Marina Abramović has broken a 255-year-old glass ceiling. Why did it take so long?

The Serbian performance artist is the first woman to have a solo show in the Royal Academy’s main galleries – a telling indictment of the hurdles faced by female artists today

At the Royal Academy, from Saturday until New Year’s Day, the artist Marina Abramović will be present. Or rather, her work will be, as part of a retrospective taking in her half-century career. Abramović is a worthy subject for a major solo show at such a prestigious institution. Through the likes of Rhythm 0 (1974), during which she laid out 72 objects (including a gun and a bullet) and put herself at the mercy of her audience, to the intensely moving and intimate The Artist Is Present (2010) at New York’s Museum of Modern Art, she has redefined the parameters of performance art. But here is the ludicrous and infuriating thing: hers will be the first solo show by a woman at the academy’s main galleries.

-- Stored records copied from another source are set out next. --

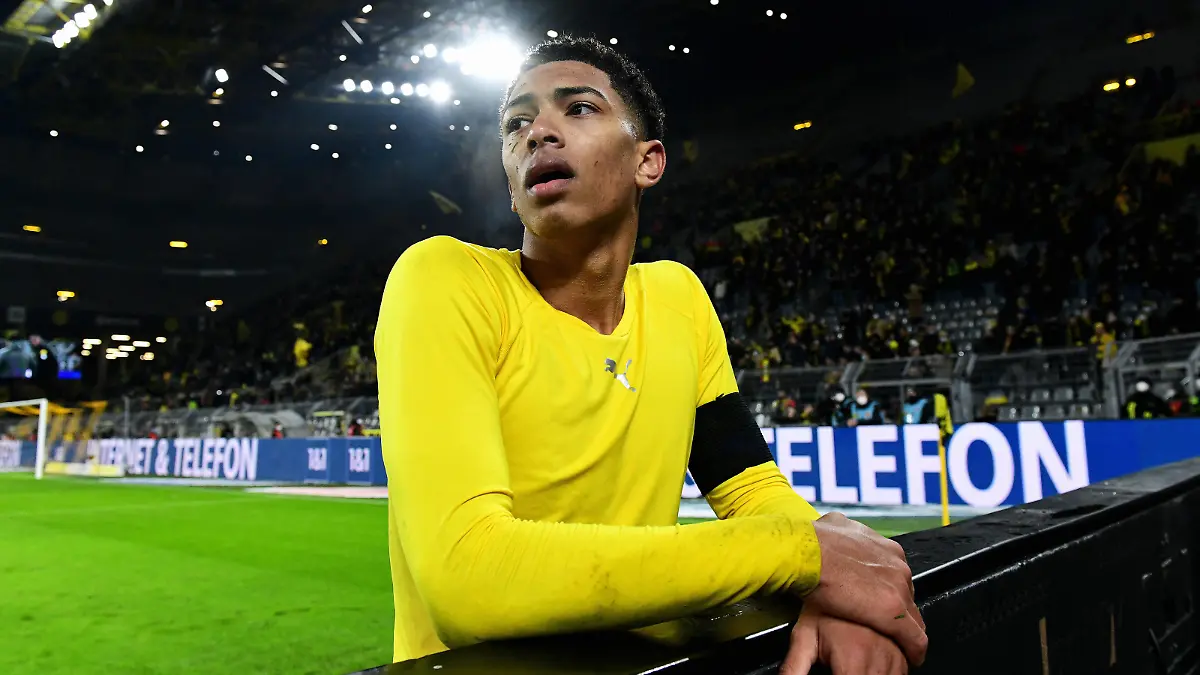 Fussball, Bundesliga, Deutschland, Herren, Saison 2021/2022, 14. Spieltag, Signal Iduna Park Dortmund: Bor. Dortmund, BVB gelb - FC Bayern München, FCB rot 2:3 Jude Bellingham BVB bedient nach Spielende. Enttäuschung, Frust, Aktion, Einzelbild. DFB/DFL REGULATIONS PROHIBIT ANY USE OF PHOTOGRAPHS AS IMAGE SEQUENCES AND/OR QUASI-VIDEO *** Football, Bundesliga, Germany, Men, Season 2021 2022, 14 Matchday, Signal Iduna Park Dortmund Bor Dortmund, BVB yellow FC Bayern Munich, FCB red 2 3 Jude Bellingham BVB served after end of match disappointment, frustration, action, single picture DFB DFL REGULATIONS PROHIBIT ANY USE OF PHOTOGRAPHS AS IMAGE SEQUENCES AND OR QUASI VIDEO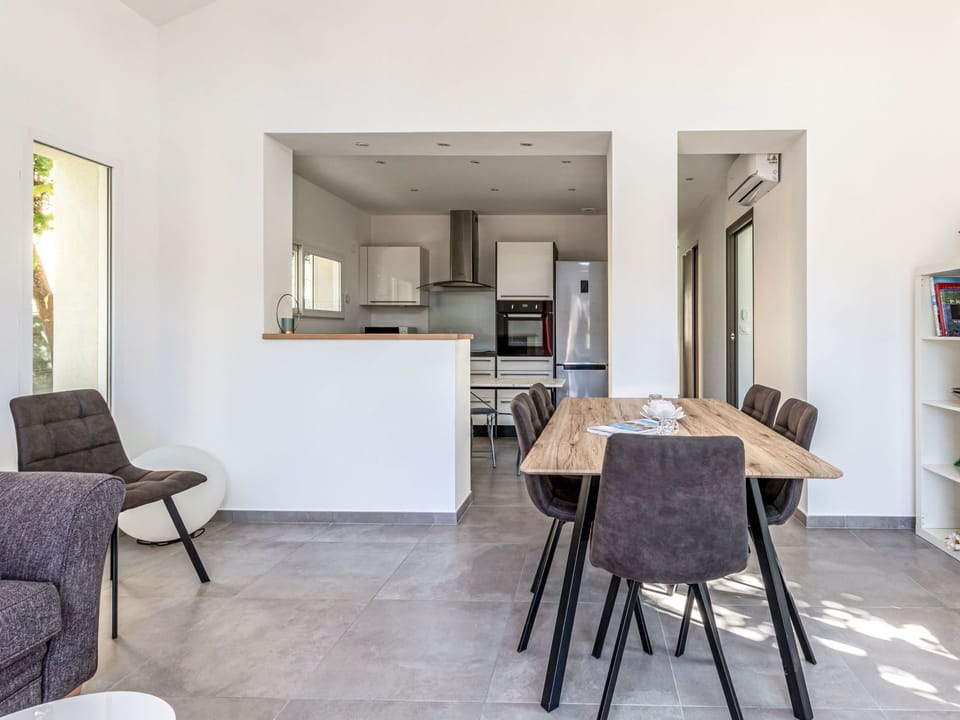 Room, Furniture, Property, Interior Design, Table, Floor, Building, House, Dining Room, Chair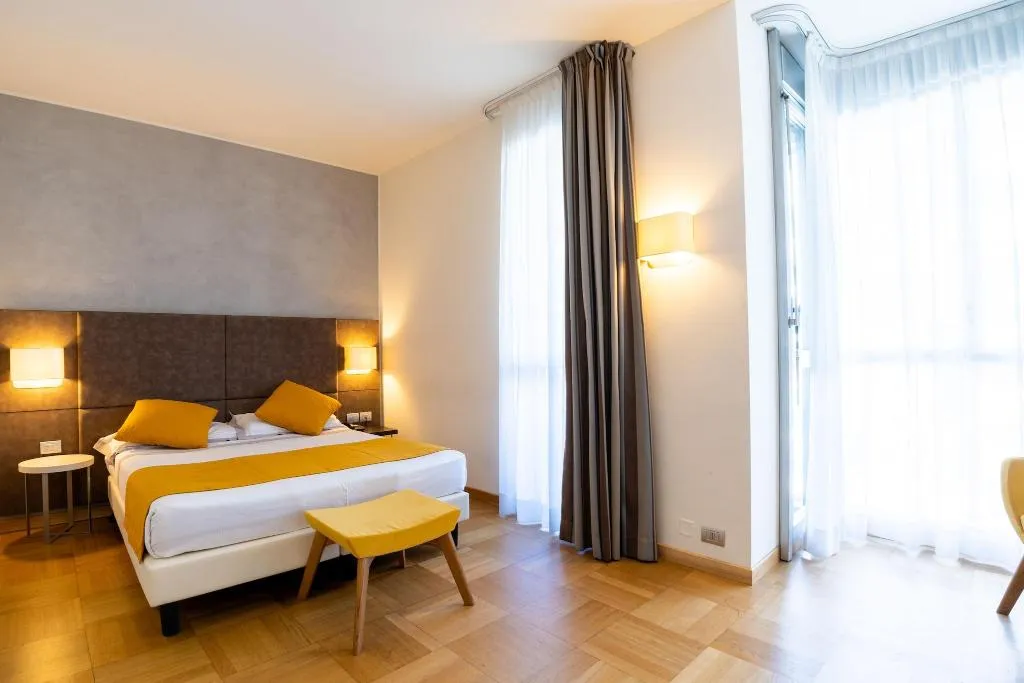 TRIPLE TWO BEDS Room, Hotel Como, Milan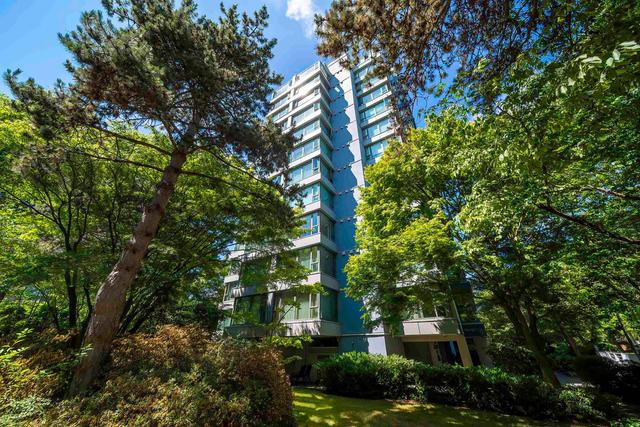 802-5425 Yew Street  Vancouver, BC V6M 3X7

“The fact that in 255 years there has been no woman showing solo in this big space makes it a huge responsibility,” she told an interviewer last month. A couple of years ago she described the pressure she felt as a prominent artist in a male-dominated scene: “I have to make work that’s so good that it opens the road for all the young and incredibly talented female artists coming after me. If my show is not good then it will reflect badly on everybody else, so I have to be incredible.”